Ihr Vater Hermann Zeissl musste 1939 vor dem Nationalsozialismus nach England flüchten und konnte erst im Sommer 1945 wieder nach Österreich und in das Unterrichtsressort zurückkehren, wurde bald Sektionschef und war zuletzt Präsident der österreichischen UNESCO-Kommission. Helene Zeissls ältere Schwester Anneliese (1916) ging ebenfalls nach England, ihre jüngere Schwester Lotte (Lotte Dorowin-Zeissl, 1920-2008) nach Frankreich, wo sie aber später verhaftet und im August 1944 in das Konzentrationslager Bergen-Belsen deportiert wurde, überlebte und nach Wien zurückkehrte.

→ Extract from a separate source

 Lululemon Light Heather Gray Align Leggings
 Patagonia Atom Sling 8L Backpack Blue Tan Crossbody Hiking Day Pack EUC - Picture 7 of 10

Helene Zeissl konnte nach ihrer Promotion zwar in Wien bleiben, aber nur als Sekretärin und Dolmetscherin Arbeit finden, wurde 1944-1945 dienstverpflichtet, konnte dann aber 1946 als Bibliothekarin an der Österreichischen Nationalbibliothek arbeiten, wo sie sich facheinschlägig vor allem mit orientalischen Handschriften befasste. Von 1962 bis zur Pensionierung 1984 war sie Direktorin der bedeutenden Papyrussammlung der Österreichischen Nationalbibliothek.
1952 heiratete sie Johannes Loebenstein (1926-2016) und sie bekamen ein Kind.
Helene Loebenstein, geb. Zeissl, starb am 27. Oktober 2010 in Wien und ist am Friedhof Wien-Hietzing bestattet.
Lit.: Archiv der Universität Wien/Nationale PHIL 1936-1940; Promotionsprotokoll PHIL 1929-1941; Hermann HARRAUER, Helene Loebenstein 60 Jahre, in: BIBLIOS 27, 1978, 230f.; Ilse KOROTIN, Österreichische Bibliothekarinnen auf der Flucht: verfolgt, verdrängt, vergessen? Wien 2007, 99; www.wikipedia.com; zur Schwester: Gerald STOURZH, Hg., Lotte Dorowin-Zeissl. Zeit der Prüfungen - Acht Monate im KZ Ravensbrück, Wien 2019.